Awesome

GitHub release (latest by date)

Nederlab Pipeline

Introduction

This repository contains the NLP pipeline for the linguistic enrichment of historical dutch, as developed in the scope of the Nederlab project. This repository covers only the pipeline logic, powered by Nextflow, not the individual components. It depends on the following tools:

ucto for tokenisation.
Frog for PoS-tagging, lemmatisation and Named Entity Recognition for Dutch, Middle Dutch, and Early New Dutch (vroegnieuwnederlands)
FoLiA-utils for:
- FoLiA-wordtranslate - Implements Erik Tjong Kim Sang's word-by-word modernisation method. This is a reimplementation of his initial prototype, with some improvements of my own.
Colibri Utils for:
- colibri-lang - Language Identification (including models for Middle Dutch and Early new Dutch)
FoLiA Tools for:
- foliavalidator - Validation
- foliaupgrade - Upgrades to FoLiA v2
- tei2folia - Conversion from a subset of TEI to FoLiA.
- foliamerge - Merges annotations between two FoLiA documents.
wikiente for Named Entity Recognition and Linking using DBPedia Spotlight

Format

All tools in this pipeline take and produce documents in the FoLiA XML format (version 2). Provenance information of all the tools is recorded in the documents themselves. Please take note of the FoLiA Guidelines if you work with this pipeline or any documents produced by it.

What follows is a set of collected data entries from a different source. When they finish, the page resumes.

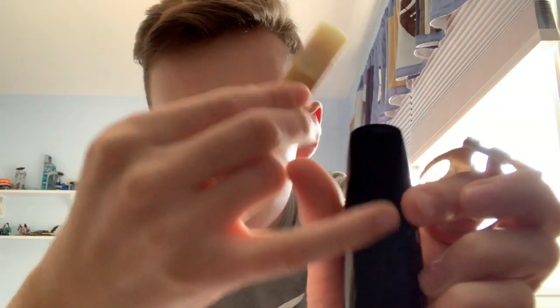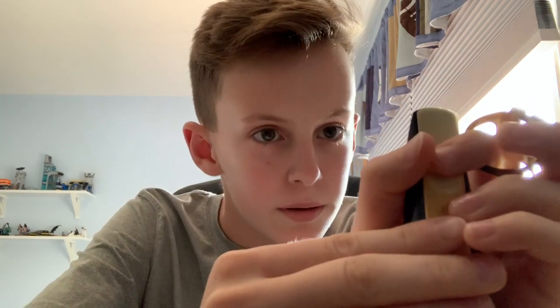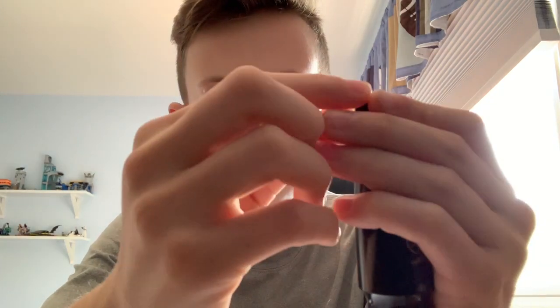For step four, you want to line up the reed with the mouthpiece. You might not be able to see it, but there's a little thing — you want to try to line up the reed so that it's in line with the mouthpiece. When you're done it should look something like this. This reed is a little bit bad — I haven't switched mine out in a while.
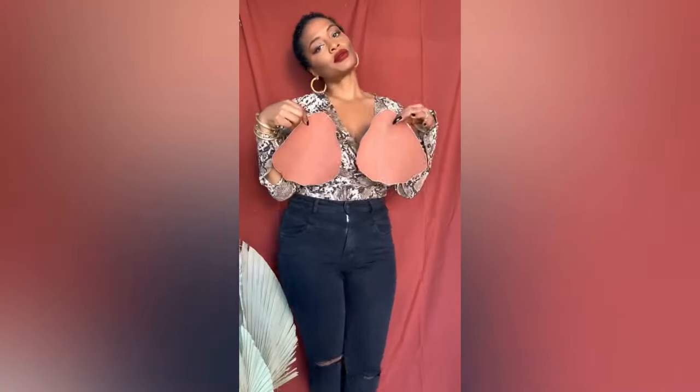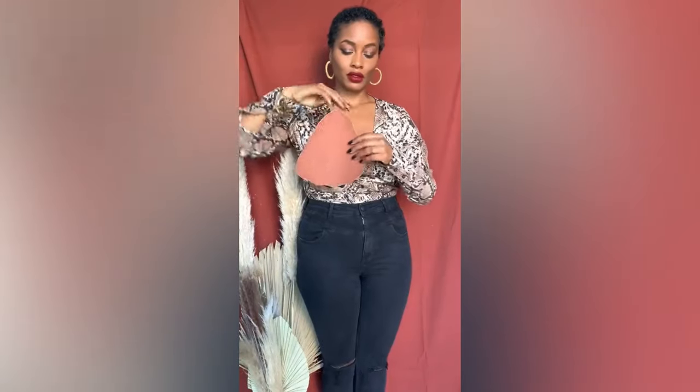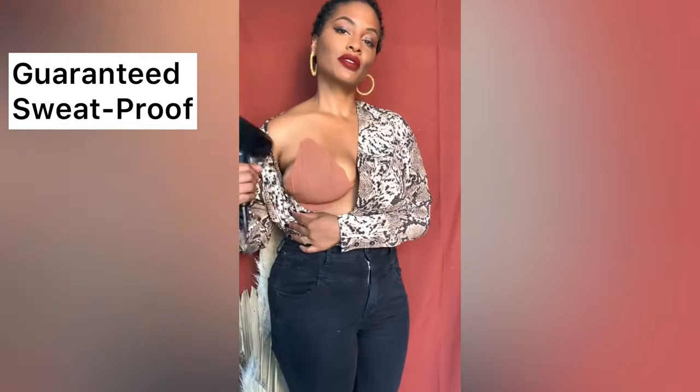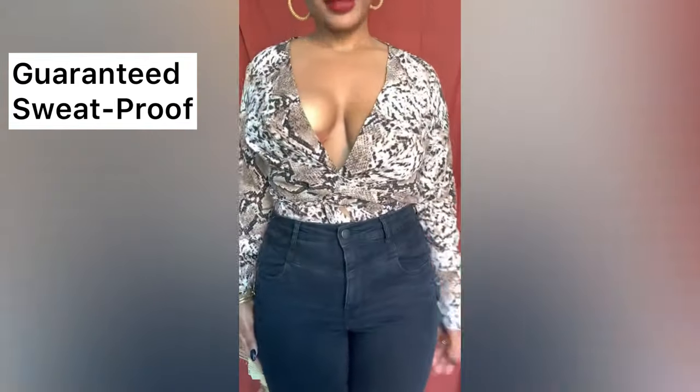Here I am using the Game Changer Lift and Shape Bra. I absolutely love this bra because it's so easy to apply. I mean, look at my girls. They look nice and lifted, full, and shaped like a goddess.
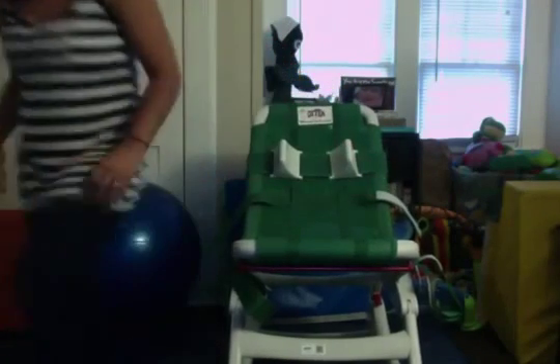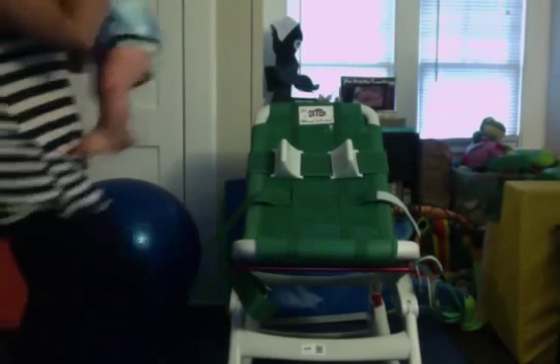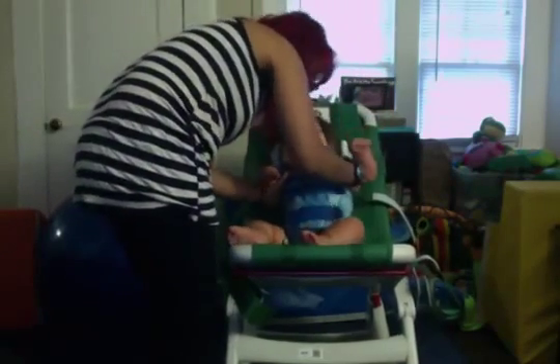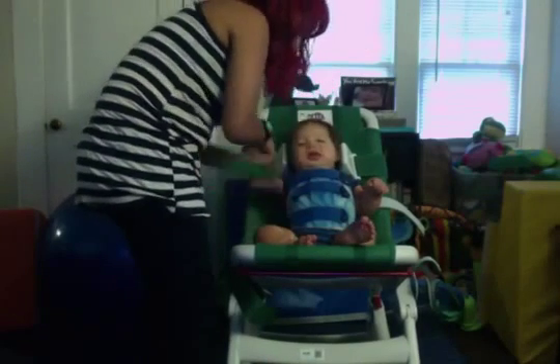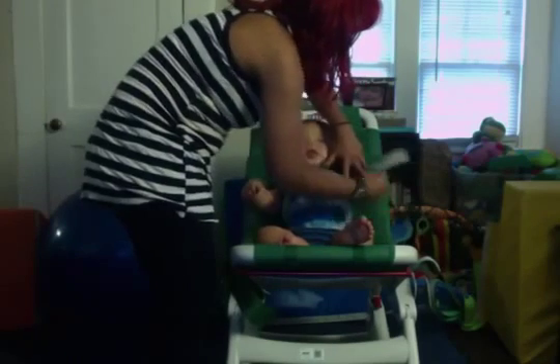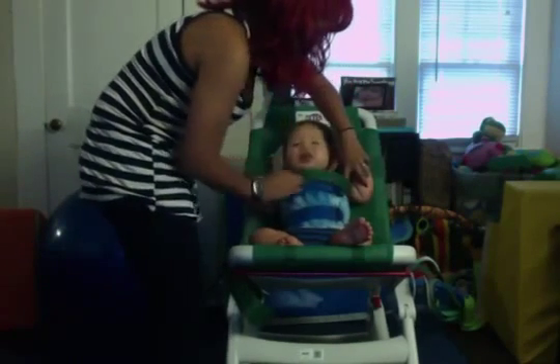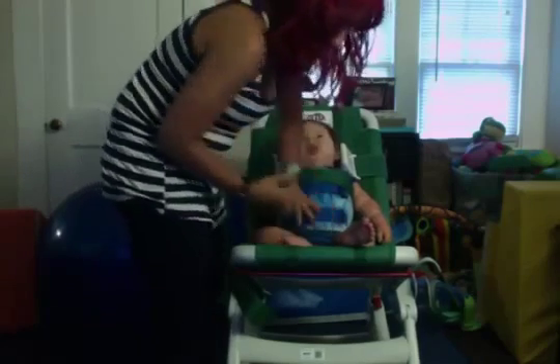This is Parker — say hello! We've got the chest strap, put that across. I like this because it keeps him from sliding down so much. Then you get the lap belt.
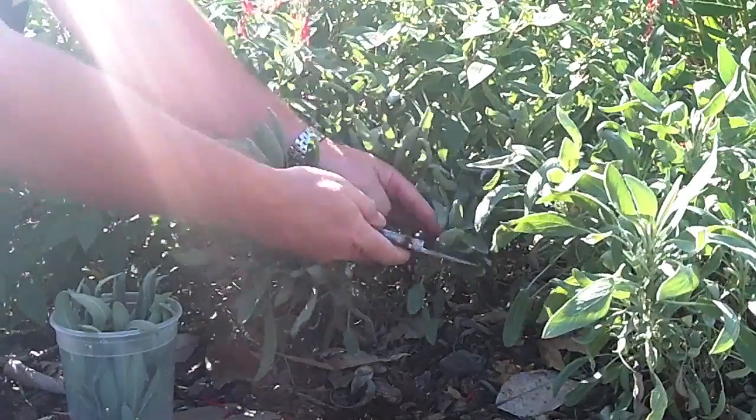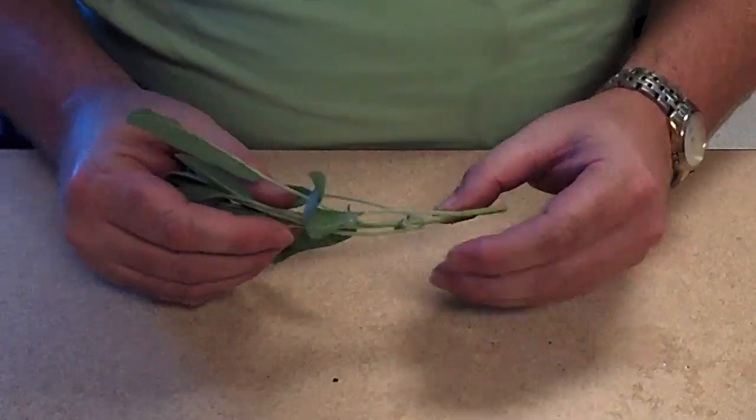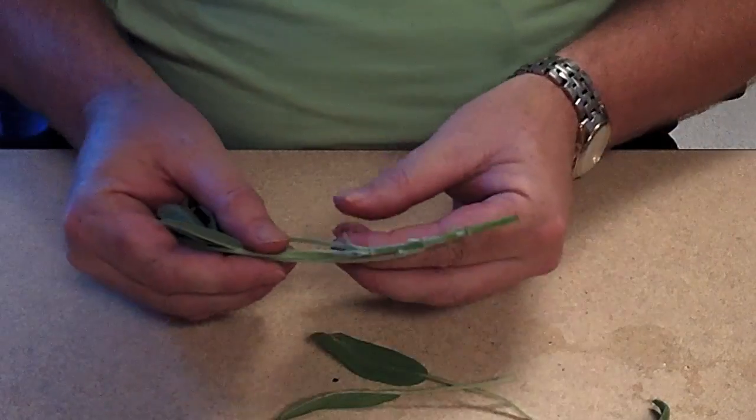Rooting cuttings of tender annuals can be a simple process. First, take cuttings that are 4 to 8 inches long. Strip the bottom leaves off the stem, leaving 2 to 4 leaves at the tip.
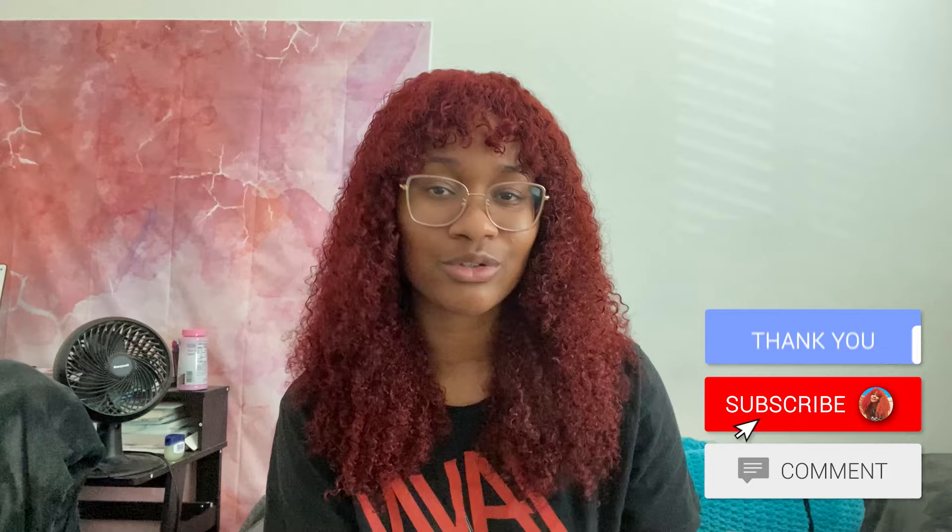Let me know how your pants turned out if you recreated these — I'm excited to see! If you have Instagram or Twitter, follow me and tag me so I can share your creations. Thank you so much for watching and following along. If you want more tutorials and crochet-with-me videos, hit the like button and subscribe. I'll see you guys next time — bye!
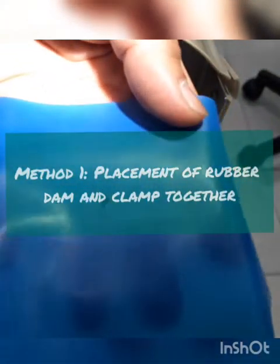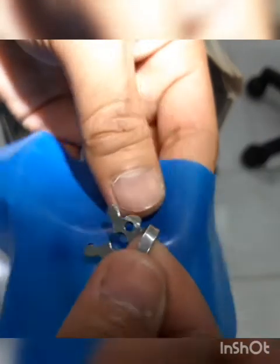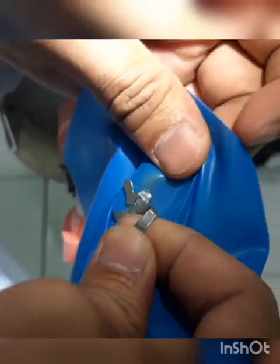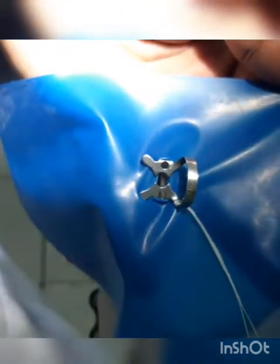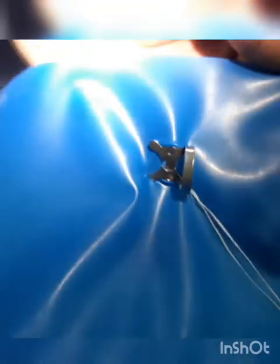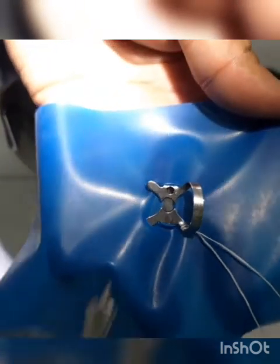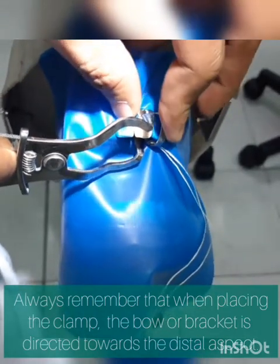Method 1 in rubber dam isolation: we place the clamp together with the rubber dam. Using the central wing, we secure the rubber dam sheet onto the clamp. Make sure that the rubber dam clamp is perpendicular with our rubber dam sheet — this prevents wrinkling when we place the rubber dam sheet on the involved tooth. Using our rubber dam clamp holder, place it on tooth 21, labial first and then followed by the lingual.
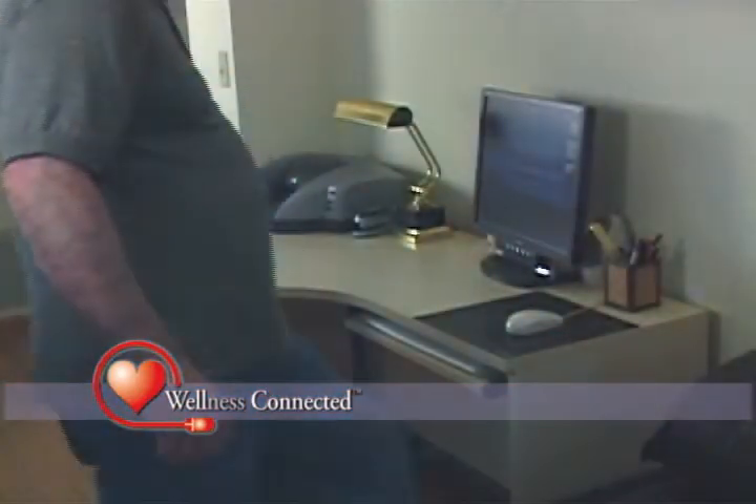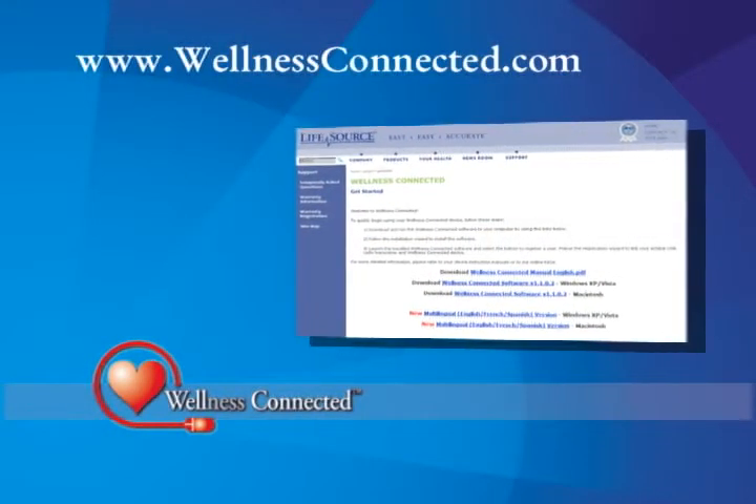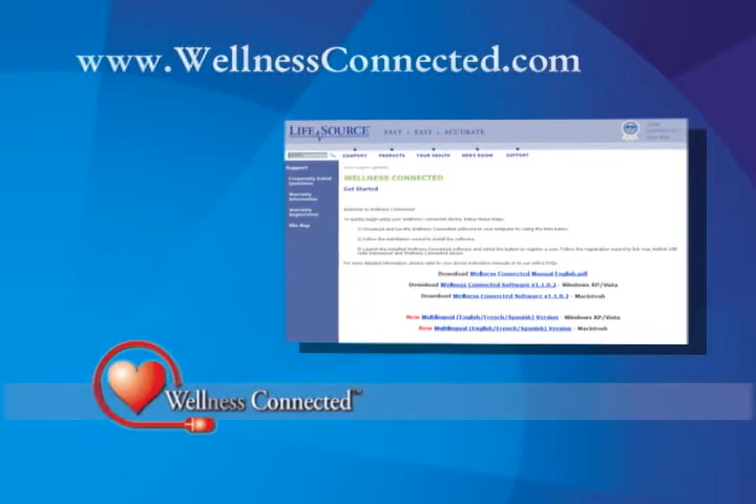Setting up the system is a very simple two-step process. First, visit wellnessconnected.com to download and follow the on-screen instructions to install the Wellness Connected software.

The following linguistic enrichments can be performed, note that different FoLiA (tag)sets can be produced, even at the same time, based on what methodology was choosen and what time period the document covers:

Modernisation of 17th century dutch
- Produces text annotation with the class contemporary, e.g. <t class="contemporary">
Part-of-Speech tagging
- Produces part-of-speech annotation in one or more the following sets:
  - http://ilk.uvt.nl/folia/sets/frog-mbpos-nl - Part-of-Speech tags as produced by Frog by default for contemporary dutch.
  - http://rdf.ivdnt.org/pos/cgn-bab - A CGN-like tagset, but converted from another tagset used for the Brieven als Buit corpus (early new dutch)
  - http://rdf.ivdnt.org/pos/cgn-mnl - A CGN-like tagset, but converted from another tagset used for Corpys Gysseling and Corpus Reenen Mulder (middle dutch)
Language Identification
- Produces language annotation in the following set:
  - http://raw.github.com/proycon/folia/master/setdefinitions/iso639_3.foliaset - ISO-639-3 language codes
Lemmatisation
- Produces lemma annotation in the following sets:
  - http://ilk.uvt.nl/folia/sets/frog-mblem-nl - Lemmas as produced by Frog by default for contemporary dutch.
  - http://rdf.ivdnt.org/lemma/corpus-brieven-als-buit - Lemmas from Brieven als Buit (early new dutch/vroegnieuwnederlands)
  - http://rdf.ivdnt.org/lemma/corpus-gysseling - Lemmas from Corpus Gysseling and Corpus Reenen Mulder (middle dutch/middelnederlands)
  - https://raw.githubusercontent.com/proycon/folia/master/setdefinitions/int_lemmaid_withcompounds.foliaset.ttl - Lemma IDs from the INT Historical Lexicon, with compound lemmas.
  - https://raw.githubusercontent.com/proycon/folia/master/setdefinitions/int_lemmatext_withcompounds.foliaset.ttl - Lemma (words) from the INT Historical Lexicon, with compound lemmas.
Named Entity Recognition
- Produces entity annotation in the following sets:
  - http://ilk.uvt.nl/folia/sets/frog-ner-nl - Broad named entity classes as produced by Frog (per,loc,org, etc..)
  - https://raw.githubusercontent.com/proycon/folia/master/setdefinitions/spotlight/dbpedia.foliaset.ttl - Links directly to individual DBPedia resources (class is a full URI), produced by WikiEnte

In addition to the linguistic annotations, the tei2folia converter produces a wide variety of structural annotations and also markup annotations, as it's objective is to retain all information from the original TEI source.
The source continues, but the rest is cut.